= Available records =

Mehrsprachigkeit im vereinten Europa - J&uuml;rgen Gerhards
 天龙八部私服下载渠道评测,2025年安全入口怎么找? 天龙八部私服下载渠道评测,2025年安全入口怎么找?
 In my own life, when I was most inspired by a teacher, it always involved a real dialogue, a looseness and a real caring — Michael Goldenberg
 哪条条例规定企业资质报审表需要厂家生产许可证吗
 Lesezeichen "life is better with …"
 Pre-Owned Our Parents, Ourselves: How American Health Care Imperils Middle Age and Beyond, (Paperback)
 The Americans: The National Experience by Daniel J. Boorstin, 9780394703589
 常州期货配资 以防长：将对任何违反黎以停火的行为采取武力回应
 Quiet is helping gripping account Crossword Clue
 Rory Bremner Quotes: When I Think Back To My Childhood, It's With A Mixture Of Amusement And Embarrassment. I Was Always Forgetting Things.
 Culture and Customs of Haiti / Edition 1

= What is expected =
Which lines run from the one containing "is better with" to the final line of the entries? Return those lines exactly, and only those.

= Solution =
 Lesezeichen "life is better with …"
 Pre-Owned Our Parents, Ourselves: How American Health Care Imperils Middle Age and Beyond, (Paperback)
 The Americans: The National Experience by Daniel J. Boorstin, 9780394703589
 常州期货配资 以防长：将对任何违反黎以停火的行为采取武力回应
 Quiet is helping gripping account Crossword Clue
 Rory Bremner Quotes: When I Think Back To My Childhood, It's With A Mixture Of Amusement And Embarrassment. I Was Always Forgetting Things.
 Culture and Customs of Haiti / Edition 1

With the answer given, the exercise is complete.